Nagle Rachel stanęła na krześle i zastukała nożem w kubek do herbaty.

– Proszę wszystkich o chwilę uwagi – krzyknęła, wszyscy jak na rozkaz ucichli. – Jak zapewne już zauważyliście, obecna tu Skyler Lynch po części stała się jedną z nas. I możecie mi wierzyć albo nie, ale nie mówię tylko o kolorze włosów. Jeszcze raz, w imieniu wszystkich uczniów, chciałam ci podziękować, za uratowanie naszej szkoły, naszego domu. Może nie zawsze było między nami dobrze. A wręcz można by powiedzieć, że przeważnie bywało źle, ale dzięki tobie nauczyłam się, że trzeba szanować wszystkich i łączyć siły w słusznej sprawie, a nie obrażać się o byle głupstwa. To ty doprowadziłaś nas do zwycięstwa, dlatego...

– Zostajesz naszą nową królową! –wtrąciła nagle Teagan.

– Miałaś mi nie przerywać! – wrzasnęła Rachel.

Byłam w tak ciężkim szoku, że nawet nie zauważyłam, kiedy znowu prawie rzuciły się sobie do gardeł. Oczywiście nikt nie podjął się uciszenia ich, więc kiedy się ocknęłam, wzięłam sprawy w swoje ręce.

– Hej! Spokój!

W jednej chwili zastygły w bezruchu.
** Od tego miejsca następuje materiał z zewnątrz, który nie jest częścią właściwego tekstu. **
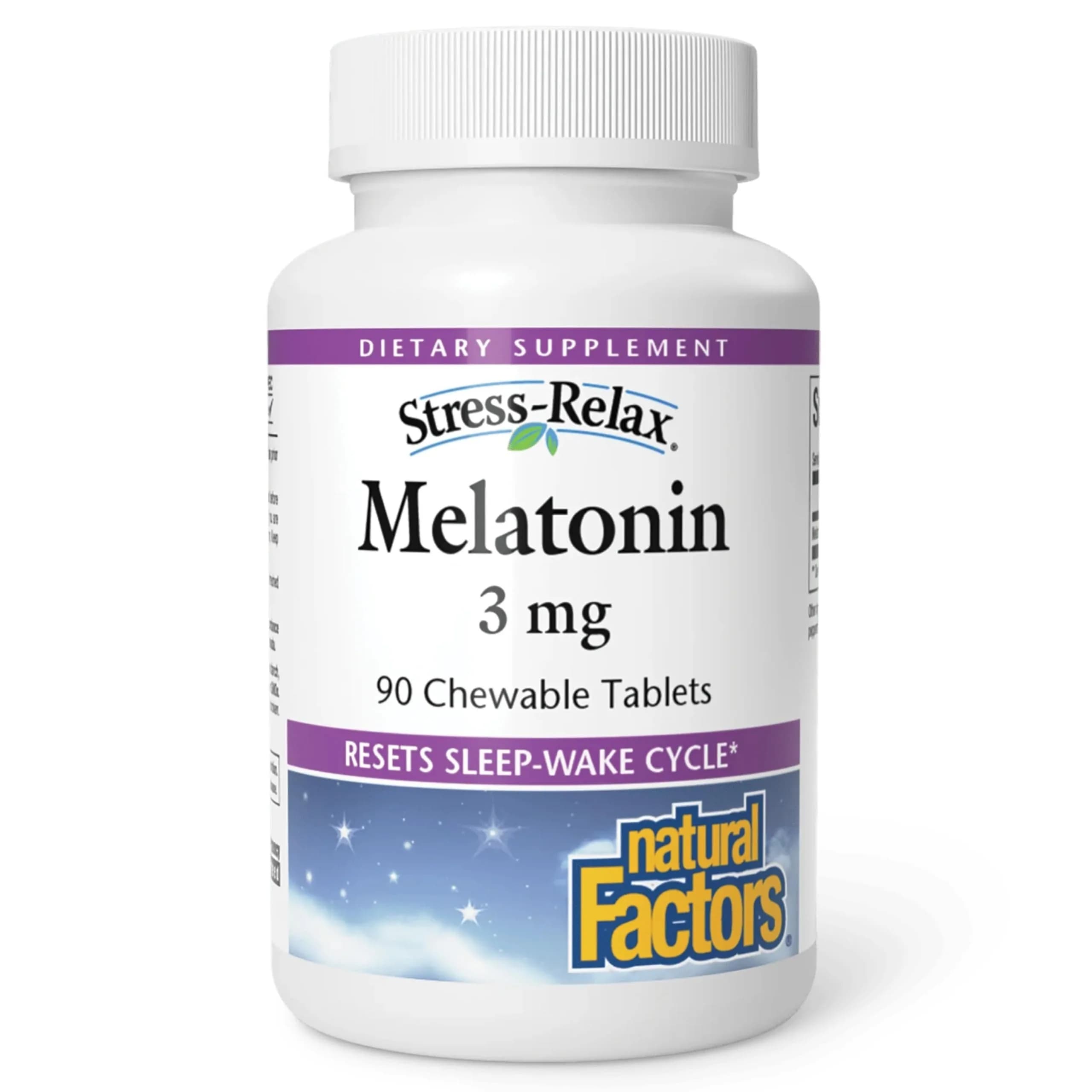 Natural Factors Melatonin 3 mg Chewable Tablets | Sleep Support for Adults, 90 Count - main product image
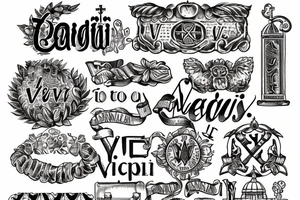 In typewriter font, quote "veni, vidi, vici" with vatican symbols surrounding it tattoo idea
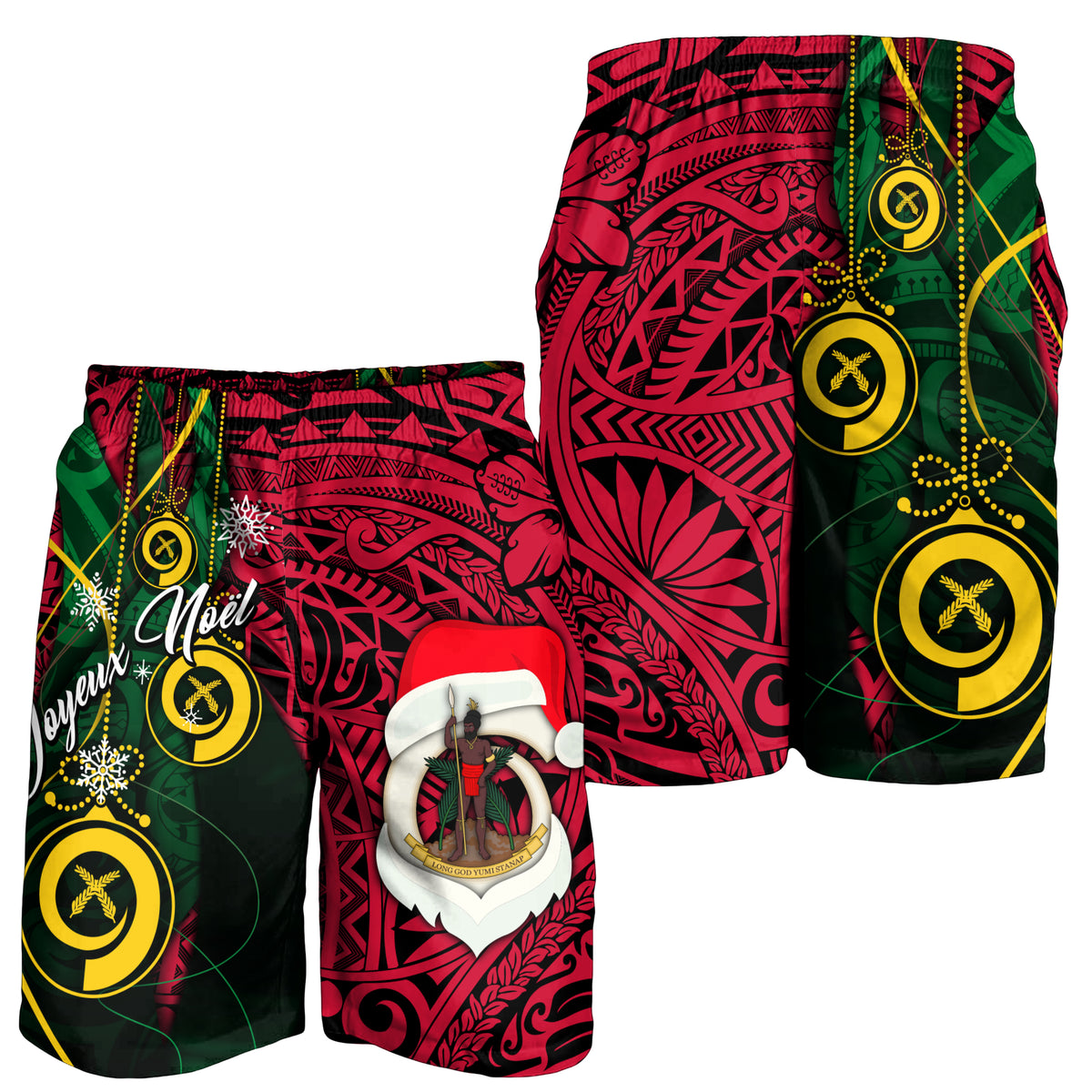 Vanuatu Christmas - Joyeux Nol Santas God Yumi Men Short - LT2 - Polynesian Pride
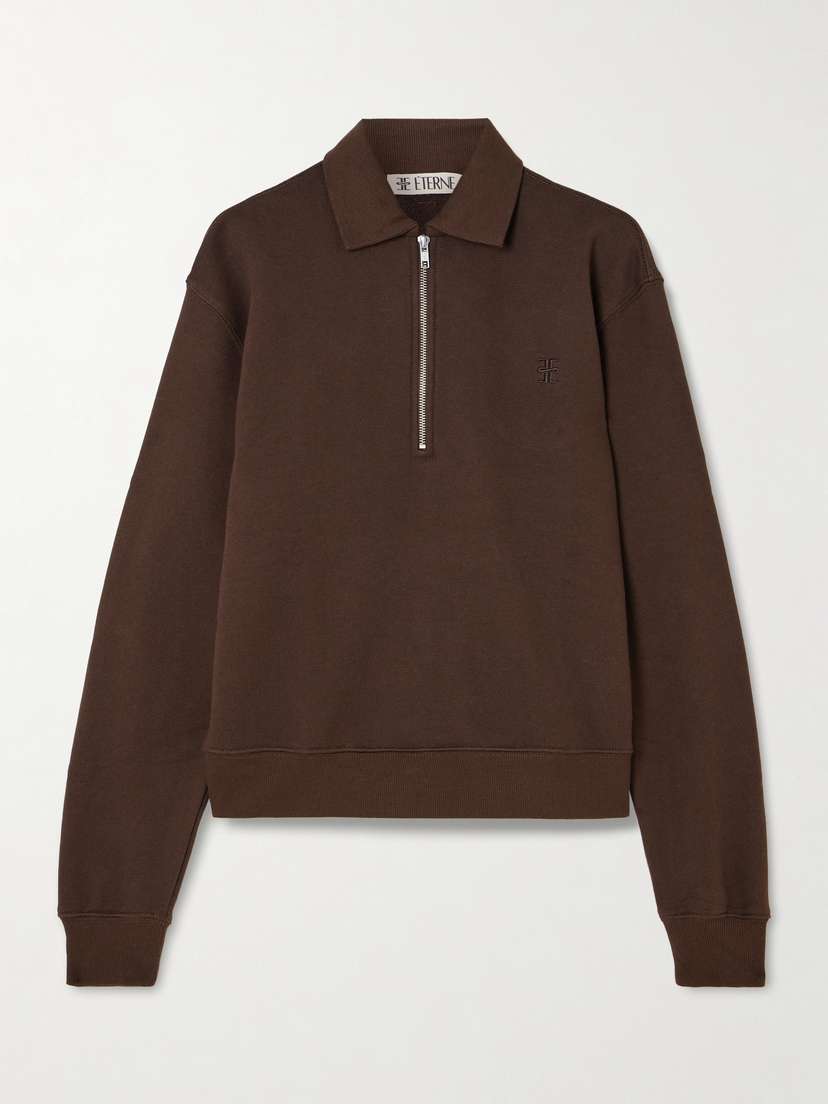 ÉTERNE Embroidered French Cotton And Modal-blend Terry Half-zip Sweatshirt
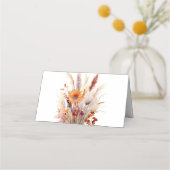 Autumn Boho Floral Wedding | weiß Platzkarte (Rückseite)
Serio, miałam taką władzę?

– Dziękuję za to, co postanowiłyście zrobić. Mogę sobie wyobrazić, ile dobrej woli was to musiało kosztować. Ale nie potrzebuję tego tytułu. On tak naprawdę nic nie wnosi. Jeśli macie się o to kłócić, to nich zostanie tak jak do tej pory.

– Ale... – przerwała mi Rachel. – Właśnie chodziło o to, że oddajemy ci koronę, aby się już o nią nie kłócić.
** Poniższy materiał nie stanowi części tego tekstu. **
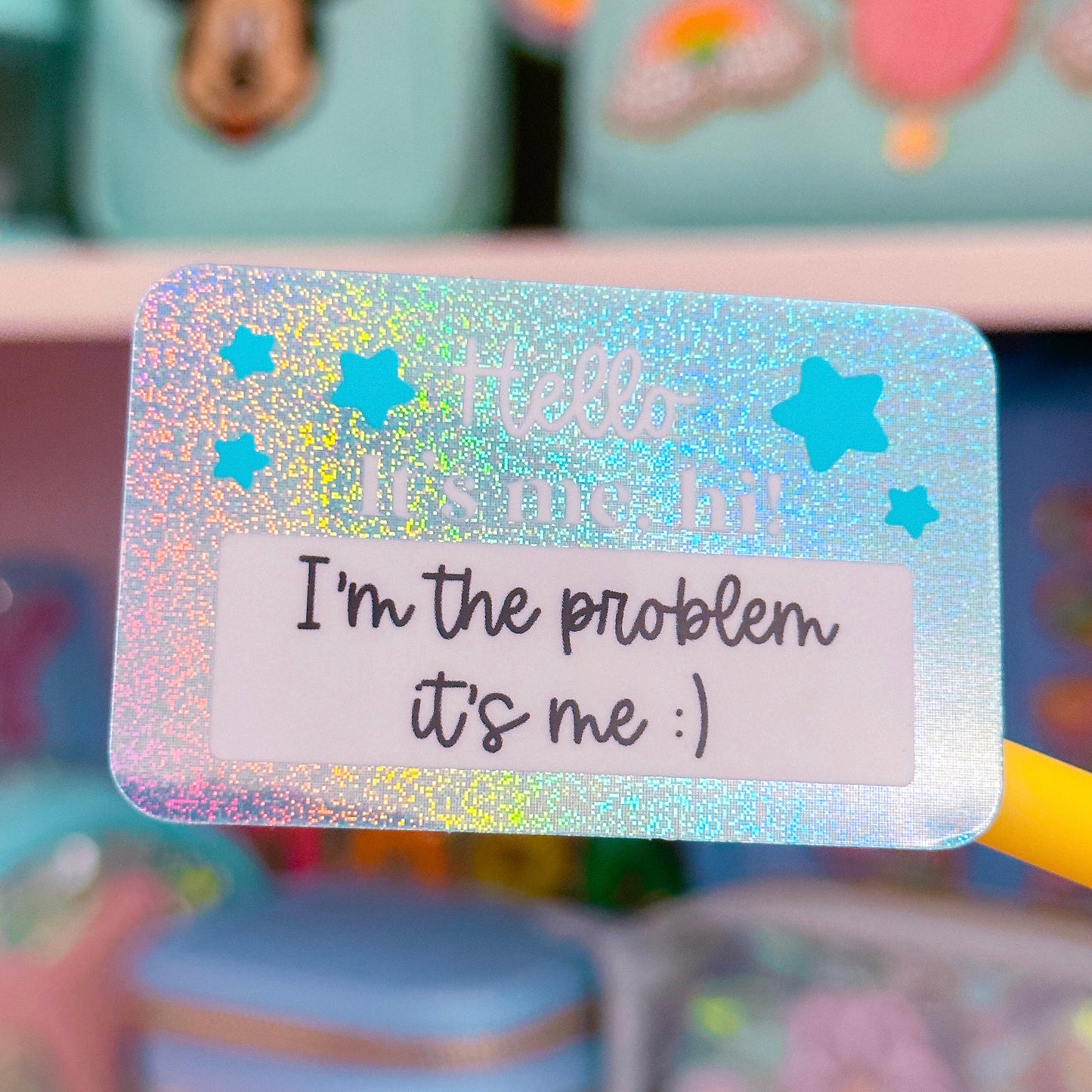 *DOLLAR DEALS* Waterproof Sticker - Hello Nametag (Blue)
– W takim razie pozbądźmy się jej całkowicie – zaproponowałam.

Stark i McGee poparzyły po sobie i pokiwały twierdząco głowami.

– Ja chciałam jeszcze dodać, że dla mnie to miejsce też jest wyjątkowe – zwróciłam się do wszystkich zebranych. – Blondynka, brunetka czy ruda, jaka to różnica? Przecież liczy się to, co w środku. Jestem wdzięczna losowi, że mogłam poznać takich wspaniałych ludzi jak wy. A w szczególności Suze, Syd i mojego kochanego Brada. Bez was moje życie było puste. Bez was nie uwierzyłabym, że cuda się jednak zdarzają.

Skończyłam swoją marną przemowę i po chwili rozległy się brawa. Moje przyjaciółki wstały i podeszły do mnie. Mocno je uściskałam. Pozostawiły na mojej bluzce mokre ślady łez. Ja również uroniłam kilka. Potem w akcie ostatecznej zgody przytuliłam też nasze dwie byłe królowe.

– Życie może być jednak wspaniałe – dodałam, patrząc na mojego chłopaka, który puścił mi oczko.